Thursday, April 5, 2018

Easter

“Best wishes for a joyful and meaningful holiday weekend, whichever one you celebrate.”
--Rabbi Peter J. Rubinstein, in an email


            To this non-religious observer, Easter Sunday and Passover share a spirit of renewal, of re-emergence. No coincidence, I suspect, that these holidays occur in Spring, when the earth is renewing itself. It was time for another renewal, and Kim and I got into the spirit of Passover, Easter and Spring by liberating ourselves from our condo and our homebuilding concerns to drive north to Mackinaw City to photograph the blue ice. Spring apparently did not get the Renewal Memo – high of 25 on Easter, with 8-12 inches of snow in the forecast for Tuesday. This may be because Sunday was also April Fool’s Day, a holiday of sorts.

For you non-Michiganders, this is the Mackinac Bridge, joining the Lower and Upper Peninsulas.
For you Floridians, this is ice.

We were there to see the ice formations that pile up where Lake Michigan flows into Lake Huron.

A lot of the ice is blue. Why is it blue? Because that's what color it is.

We we were drawn to the dramatic angles.


Here's how we got these photos.

Iceberg

Think of the forces involved in piling up these masses.



We witnessed a dramatic winter sky - almost as if the sky had been Photoshopped.

At times the sky was momentarily darkened by snow clouds.

Smithsonian.com says, "Blue ice isn't actually blue, it just appears that way . . .." Whatever.



No, this was not our Christmas Tree, or Easter Tree.
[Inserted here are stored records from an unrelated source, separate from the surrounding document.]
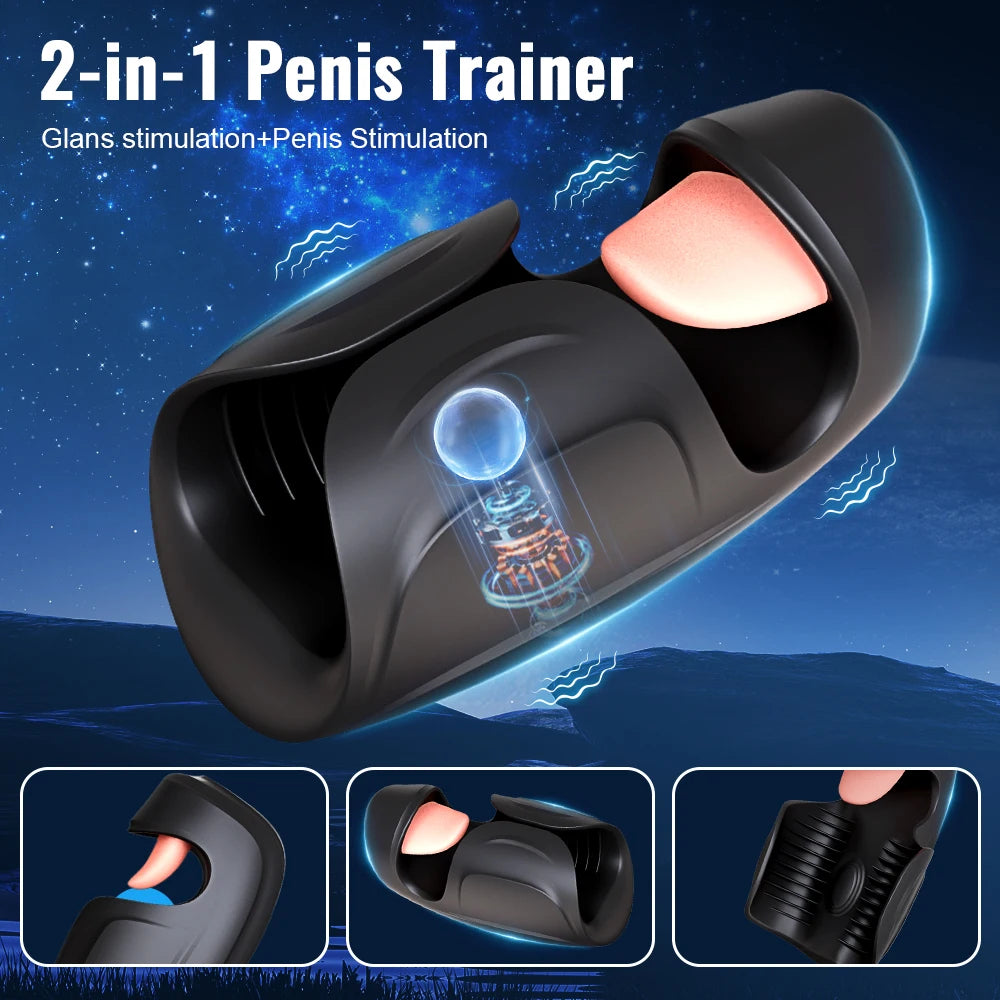 Male Masturbator Penis Training Vibrator 2 in 1 Tongue Licking & Tapping Stroker Glans Trainer Vibrating  Stimulator for Men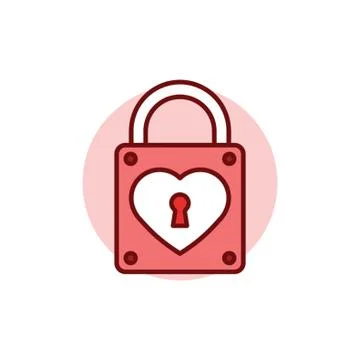 Lock Heart Icon Stock-Illustration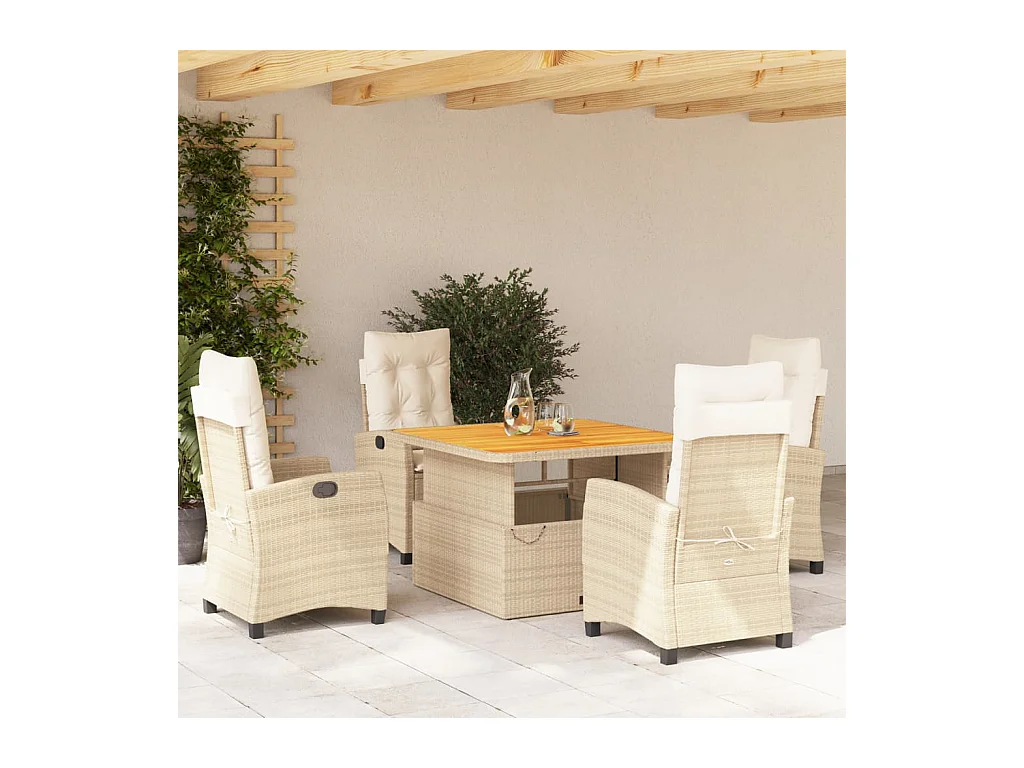 5-delige Tuinset met kussens poly rattan beige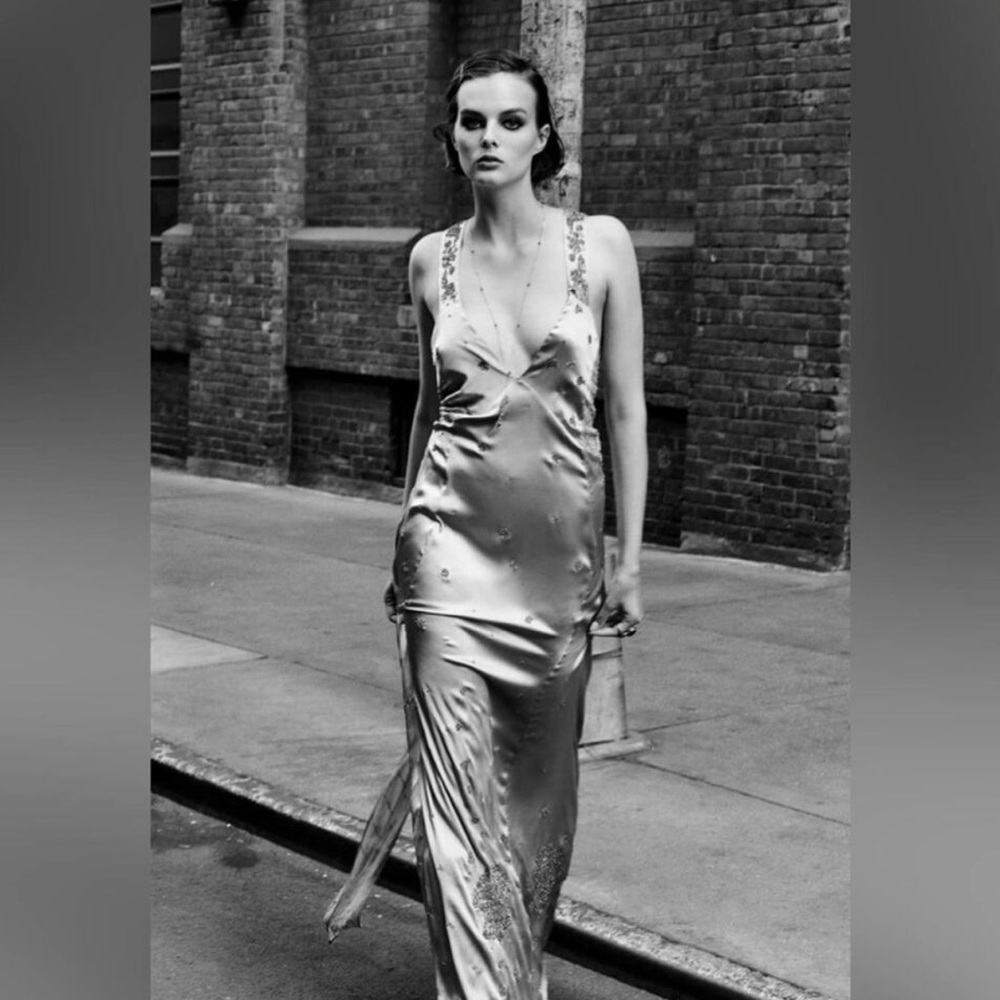 Zara Silver Embellished Maxi Dress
Snow Bunting, photographed near the base of the bridge.




But seriously . . .

       George Leshkevich, physical scientist emeritus at National Oceanic and Atmospheric Administration's Great Lakes Environmental Research Laboratory, explains that blue ice happens "because of three processes. One is that water absorbs other colors of the spectrum, the second is the lack of bubbles in the ice, the third is the ice thickness and density. And they're all factors in what causes this phenomenon." Through the process of selective absorption, the water absorbs blue wavelengths, and the lack of bubbles in the ice allows the wavelength to penetrate further. Light reflected from the ice then appears blue.


Note:
Phil Allen, with a Ph.D. in solid state physics, commented:

     My apologies to George Leshkevich. To a solid-state physicist, the blue-ness of ice is a very interesting phenomenon. We solid-state people think of ice as an “insulator” – meaning that it doesn’t conduct electricity. Like NaCl salt, or SiOquartz, most good insulators have a big “gap” in the optical spectrum. This is a range of wavelengths or frequencies where basically nothing happens – visible light is not absorbed. Visible light is (not just for us) in the “middle” of the spectrum, between infrared (low frequencies) and ultraviolet (high frequencies). Most matter absorbs light well if it is ultraviolet (electrons absorb light and move to higher energy levels) or infrared (molecular vibrations absorb light and heat up the material). It is no accident that our eyes and brains use the “visible” part of the spectrum – this is the range where light travels most freely. “Dyes” in our clothing and our retinas are designed to absorb efficiently in the visible range where ice, salt, glass, water, air, etc. don’t absorb much.
     Here is what’s unusual. Ice (H2O), because of the lightweight hydrogen atoms, has higher frequency molecular vibrations than most matter. It absorbs infrared light efficiently, and at frequencies closer to visible than most matter. These vibrations “resonate” with light when the light frequency is about 5 times lower than the frequencies of visible light. But just like sound waves in musical instruments, higher “harmonics” of these molecular resonances can also be excited by light. It turns out that the 4th harmonic of the strong high frequency molecular resonances in ice (also in water vapor and liquid) is weakly absorbed by light at the low frequency (red) end of the visible spectrum. So when visible light travels through ice (or water), it gets depleted of red. This happens only over significant distances, like a foot or more. When visible (“white”) light gets depleted of red, it is bluish.
     The reason this is interesting to people like me is that it’s a weak effect, one that we normally don’t think about. The color of matter (an important issue for people like me) has, for most matter, nothing to do with molecular vibrations. Therefore it is quite a surprise when we learn that it happens for ice (and water).
     There is a wonderful article by Braun (a chemist at Dartmouth) and Smirnov in the Journal of Chemical Education, "Why is Water Blue." There are so many plausible but incorrect explanations, that they decided a proof of this “4th harmonic” explanation would have some value. They did it by purchasing a tank of “heavy water” where the H (hydrogen) atoms are replaced by D (deuterium, twice as heavy). This moves the resonances to lower frequency where the 4th harmonic is in the invisible infrared. Heavy water isn’t blue.
-- Phil Allen, Stony Brook, April 5, 2018

PS – So now you should ask, why is the sky blue? And why red at sunset? It’s a totally different story, explained by John Strutt (later known as Lord Rayleigh) in 1871. The story above for ice and water comes from 20th century research.